Il Massachusetts Institute of Technology (Mit) apre la strada al controspionaggio accademico contro le infiltrazioni cinesi seguendo le indicazioni date a tale proposito dal Giappone. Ma vediamo nel concreto come la celebre università americana intende contrastare lo spionaggio cinese in settori chiave della ricerca scientifica e tecnologica.



Quando parliamo di innovazione in campo scientifico e tecnologico riferendoci al Mit americano inevitabilmente il riferimento è all’intelligenza artificiale e alla robotica, due settori che sono cruciali per la Cina. Non sorprende che l’Mit abbia introdotto un vero e proprio programma di controspionaggio.

Il programma del Mit è il frutto di un processo avviato nel 2021, quando Leo Rafael Reif, presidente dell’istituto, ha chiesto a un piccolo gruppo di professori esperti di Cina e tecnologie all’avanguardia di elaborare una serie di raccomandazioni su come il Mit dovrebbe avvicinarsi alla collaborazione con le istituzioni cinesi. Ciò ha fatto seguito all’arresto nel gennaio 2021 del ricercatore del Mit Gang Chen nell’ambito della China Initiative dell’amministrazione Trump, per non aver dichiarato i suoi legami con le istituzioni cinesi. Il caso è crollato all’inizio dello scorso anno quando il Dipartimento di Giustizia Ua ha revocato tutte le accuse contro il ricercatore sulla base del fatto che non esistevano regolamenti al Mit che gli imponessero di dichiarare le sue affiliazioni accademiche.



Il comitato di esperti, costituito dal Mit sotto la guida dei professori Richard Lester e Lily Tsai, ha redatto una prima versione del rapporto, che è stata fatta circolare nella comunità di ricerca del Mit prima della pubblicazione del documento finale lo scorso ottobre. Il processo è gestito dal China Report Implementation Team, coordinato da Lester, dal suo collega Yasheng Huang e dal nuovo presidente del Mit Sally Kornbluth.

La prima raccomandazione posta in essere da questo comitato è ovviamente quello di non lavorare con la Cina su progetti di difesa e proprio per questo il Mit prevede di realizzare programmi di formazione ad hoc per educare il direttore dei programmi sui rischi di lavorare con colleghi cinesi, ma soprattutto per rendere obbligatori corsi di storia, cultura ed economia cinesi allo scopo di comprendere meglio la forma mentis cinese. Ed è ovvio che voglia anche bandire i suoi accademici dai programmi di reclutamento di talenti cinesi, che si rivolgono principalmente ai ricercatori europei.
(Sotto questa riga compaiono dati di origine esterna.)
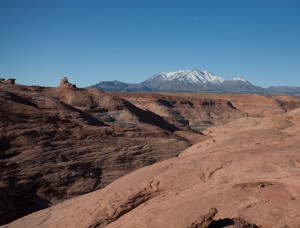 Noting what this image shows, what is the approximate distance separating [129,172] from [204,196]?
695 cm

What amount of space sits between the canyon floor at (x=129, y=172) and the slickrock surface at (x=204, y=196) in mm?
20

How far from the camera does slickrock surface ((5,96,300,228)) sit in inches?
198

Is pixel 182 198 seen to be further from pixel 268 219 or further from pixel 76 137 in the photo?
pixel 76 137

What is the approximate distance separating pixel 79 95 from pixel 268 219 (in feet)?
58.6

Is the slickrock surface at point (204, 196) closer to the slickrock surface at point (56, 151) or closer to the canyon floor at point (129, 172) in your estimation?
the canyon floor at point (129, 172)

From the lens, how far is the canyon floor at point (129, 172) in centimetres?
529

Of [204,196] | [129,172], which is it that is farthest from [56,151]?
[204,196]

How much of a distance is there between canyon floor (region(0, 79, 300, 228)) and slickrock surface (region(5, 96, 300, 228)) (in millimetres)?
20

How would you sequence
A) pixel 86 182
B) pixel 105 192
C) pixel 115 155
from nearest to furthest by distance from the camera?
pixel 105 192
pixel 86 182
pixel 115 155

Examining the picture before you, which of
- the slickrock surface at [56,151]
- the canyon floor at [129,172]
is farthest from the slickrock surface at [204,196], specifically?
the slickrock surface at [56,151]

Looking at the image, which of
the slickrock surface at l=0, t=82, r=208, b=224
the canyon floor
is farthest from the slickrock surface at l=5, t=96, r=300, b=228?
the slickrock surface at l=0, t=82, r=208, b=224

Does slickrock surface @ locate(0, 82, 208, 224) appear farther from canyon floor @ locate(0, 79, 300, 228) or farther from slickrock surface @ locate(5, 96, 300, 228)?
slickrock surface @ locate(5, 96, 300, 228)

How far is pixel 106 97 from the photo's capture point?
71.4 feet

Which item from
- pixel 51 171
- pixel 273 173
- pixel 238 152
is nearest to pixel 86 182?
pixel 51 171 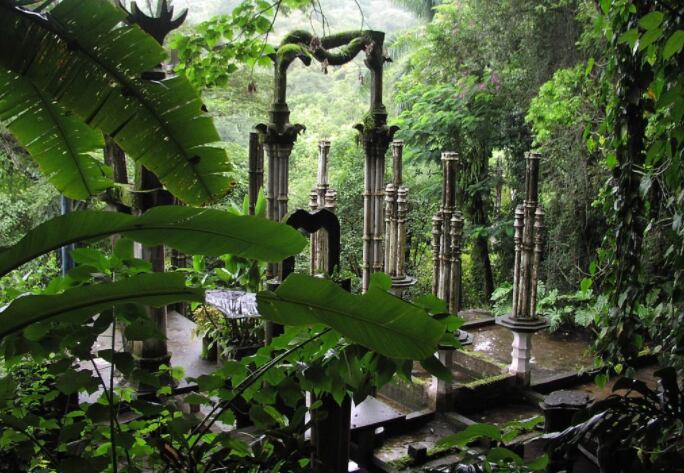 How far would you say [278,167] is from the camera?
412 centimetres

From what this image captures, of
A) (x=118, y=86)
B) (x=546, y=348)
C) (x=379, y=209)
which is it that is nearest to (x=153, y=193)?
(x=118, y=86)

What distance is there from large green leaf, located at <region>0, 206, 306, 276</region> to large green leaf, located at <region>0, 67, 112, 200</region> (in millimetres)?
713

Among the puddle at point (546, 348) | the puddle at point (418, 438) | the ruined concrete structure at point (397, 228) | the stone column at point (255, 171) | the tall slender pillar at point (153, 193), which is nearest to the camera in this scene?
the tall slender pillar at point (153, 193)

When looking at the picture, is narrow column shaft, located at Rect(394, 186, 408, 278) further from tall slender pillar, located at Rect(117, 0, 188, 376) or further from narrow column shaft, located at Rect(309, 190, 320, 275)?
tall slender pillar, located at Rect(117, 0, 188, 376)

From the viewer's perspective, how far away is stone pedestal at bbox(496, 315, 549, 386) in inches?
167

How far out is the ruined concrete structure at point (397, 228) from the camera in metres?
4.57

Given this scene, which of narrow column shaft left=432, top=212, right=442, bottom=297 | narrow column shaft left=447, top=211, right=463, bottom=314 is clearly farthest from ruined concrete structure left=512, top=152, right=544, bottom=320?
narrow column shaft left=432, top=212, right=442, bottom=297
Dicevamo che questo sistema si ispira a quello giapponese. Ma in cosa consiste – per quanto sia possibile sapere, considerando la materia strettamente riservata sul piano militare – questo programma di prevenzione o di controspionaggio?

Il Giappone è attualmente l’unico Paese con una unità militare dedicata alla classificazione sistematica delle informazioni sulle attività, i lavori e le pubblicazioni degli studenti cinesi che studiano nel Paese. Gli stessi studenti saranno monitorati per tutta la loro vita professionale, dal momento che i loro lavori e le loro attività all’estero sono considerati questioni di sicurezza nazionale.

Per svolgere con la massima discrezione tali attività di sorveglianza a lungo termine, università e centri di ricerca ospitano da anni militari di carriera incaricati di coordinare gli archivi degli “studenti a rischio”.

I files sugli studenti cinesi rappresentano oltre il 90% di quegli archivi, e, a partire dal 2019, tutti gli studenti provenienti dalla Cina sono stati contabilizzati, indipendentemente dal loro profilo, dalla regione di origine e dal corso di studi scelto.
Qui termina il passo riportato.